**Try it:** Write an exact copy of the entries below that leaves out all pictures.

Short descriptive text snippets
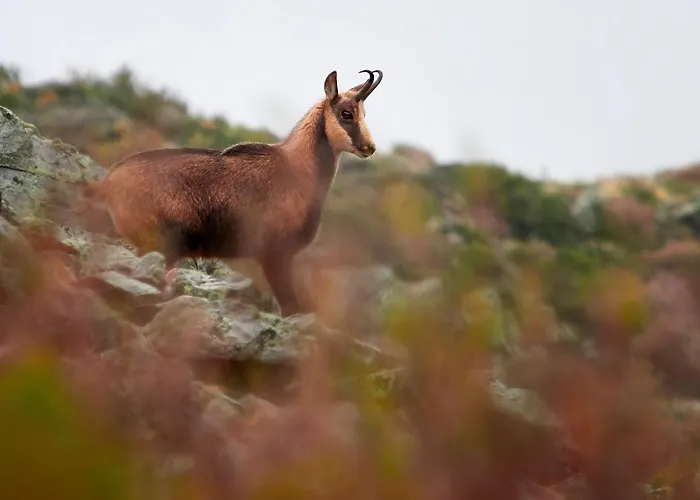 샬레 Casa O Filandon *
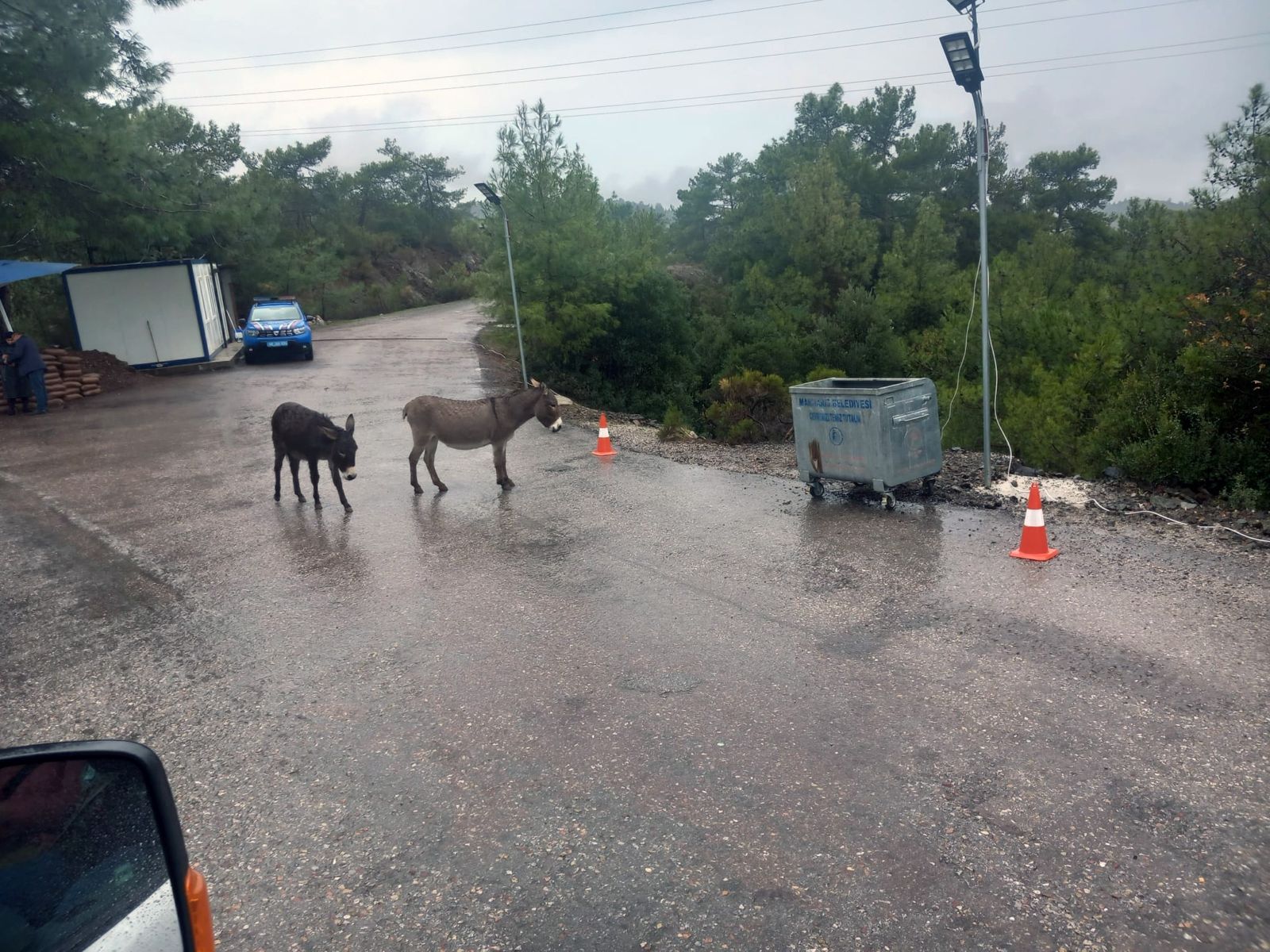 Dikkat karşısına eşek çıkabilir: Marmaris-Datça yolu tehlike saçıyor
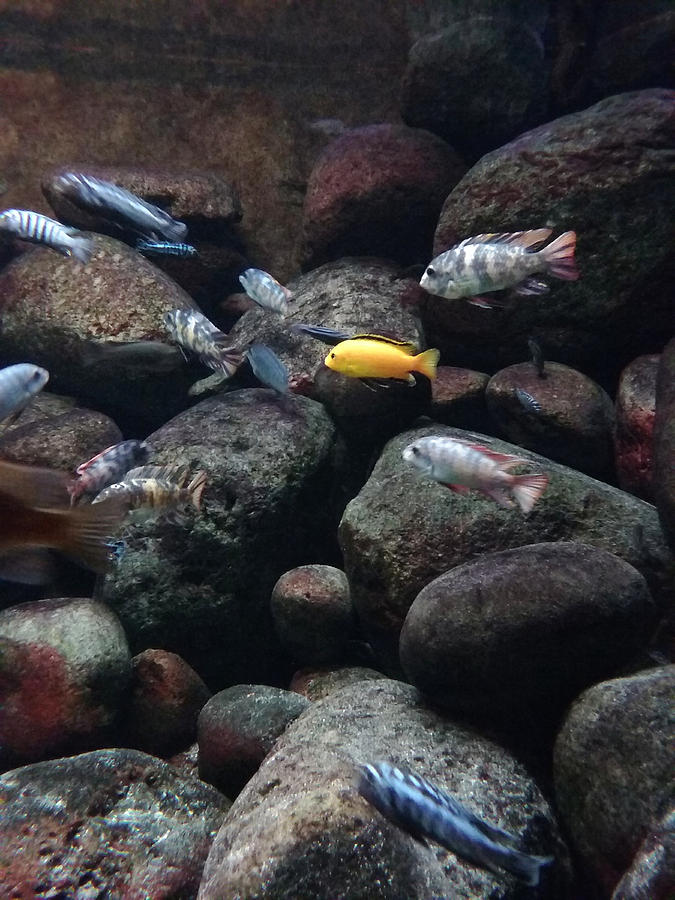 Shedd Aquarium Conspicuous Fish Photograph by Colleen Cornelius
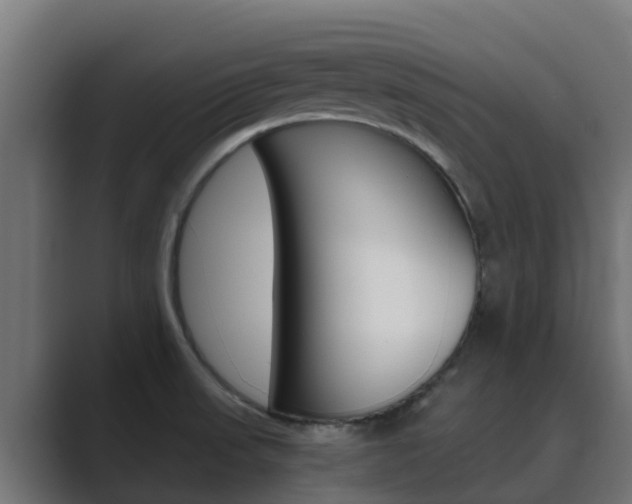 X0000089891523200706281100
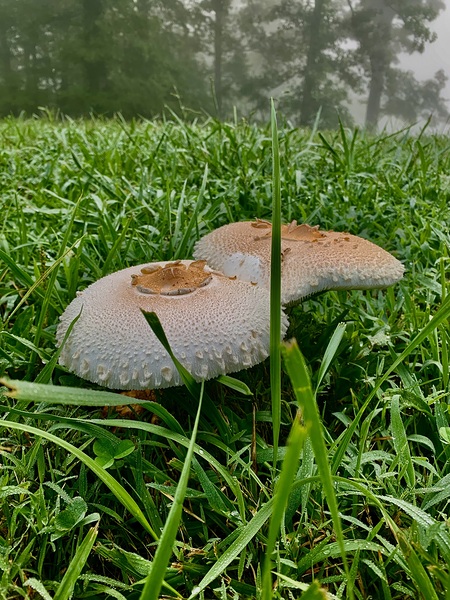 Mushroom IMG 8089 by Scott Pientka
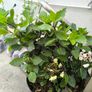 garden plants Image 4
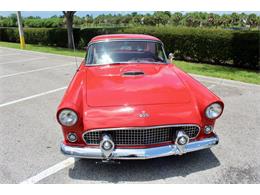 1955 Ford Thunderbird (CC-2083903) for sale in Sarasota, Florida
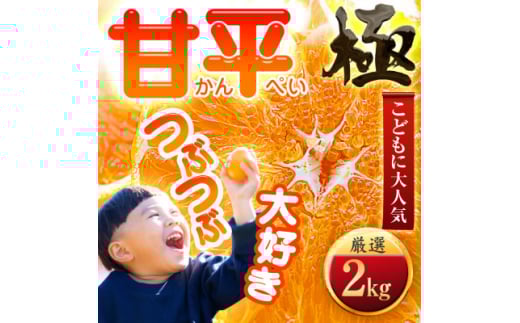 <甘みぎっっしり!>シャキシャキ甘い♪♪<甘平>2kg<D49-63>_みかん ミカン 柑橘 甘平 かんぺい 果物 くだもの フルーツ 甘い 希少 愛媛 デザート 愛媛みかん 密柑 シャキシャキ 高糖度 愛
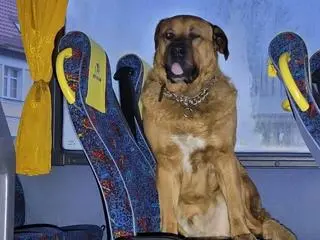 Pies zajął miejsce pasażera i nie chciał wysiąść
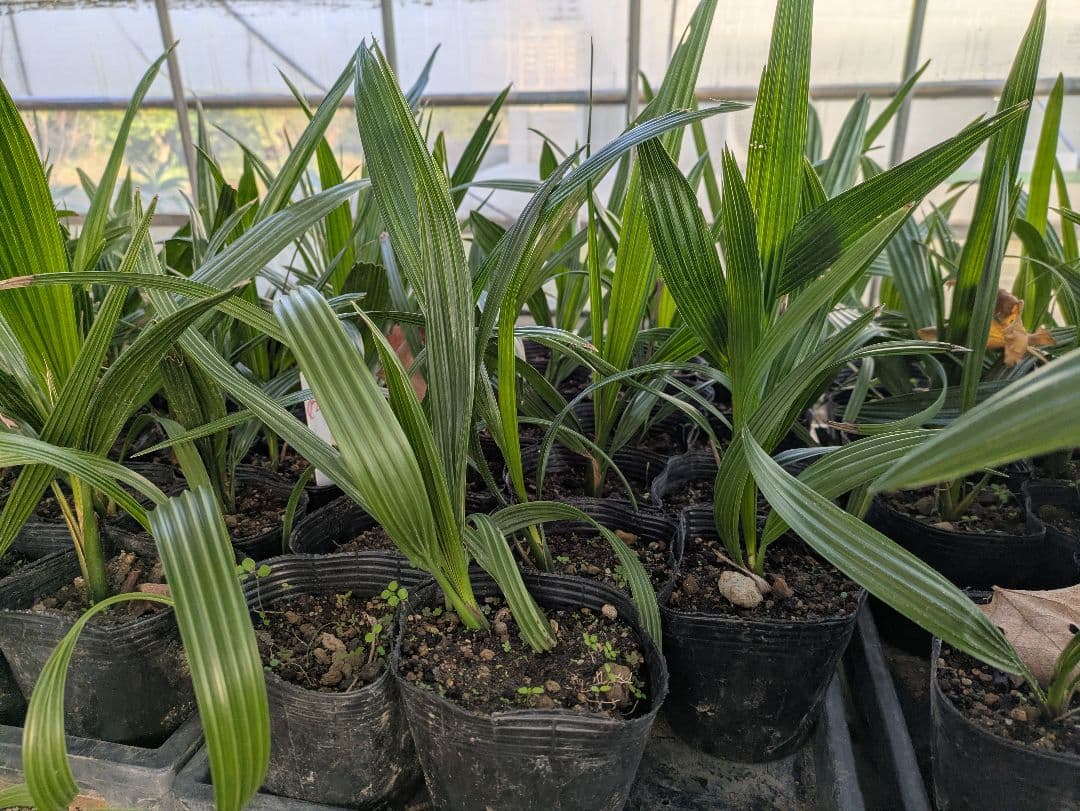 値引きセール！フェニックス カナリーヤシ 苗 50株セット 30cm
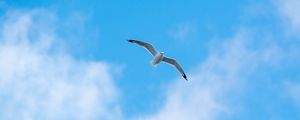 Preview wallpaper seagull, flight, bird, sky, minimalism
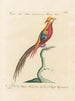 L'ornithologie méthodiquement digérée Pl242 - Saverio Manetti — artwork view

**Solved exercise:**
 샬레 Casa O Filandon *
 Dikkat karşısına eşek çıkabilir: Marmaris-Datça yolu tehlike saçıyor
 Shedd Aquarium Conspicuous Fish Photograph by Colleen Cornelius
 X0000089891523200706281100
 Mushroom IMG 8089 by Scott Pientka
 garden plants Image 4
 1955 Ford Thunderbird (CC-2083903) for sale in Sarasota, Florida
 <甘みぎっっしり!>シャキシャキ甘い♪♪<甘平>2kg<D49-63>_みかん ミカン 柑橘 甘平 かんぺい 果物 くだもの フルーツ 甘い 希少 愛媛 デザート 愛媛みかん 密柑 シャキシャキ 高糖度 愛
 Pies zajął miejsce pasażera i nie chciał wysiąść
 値引きセール！フェニックス カナリーヤシ 苗 50株セット 30cm
 Preview wallpaper seagull, flight, bird, sky, minimalism
 L'ornithologie méthodiquement digérée Pl242 - Saverio Manetti — artwork view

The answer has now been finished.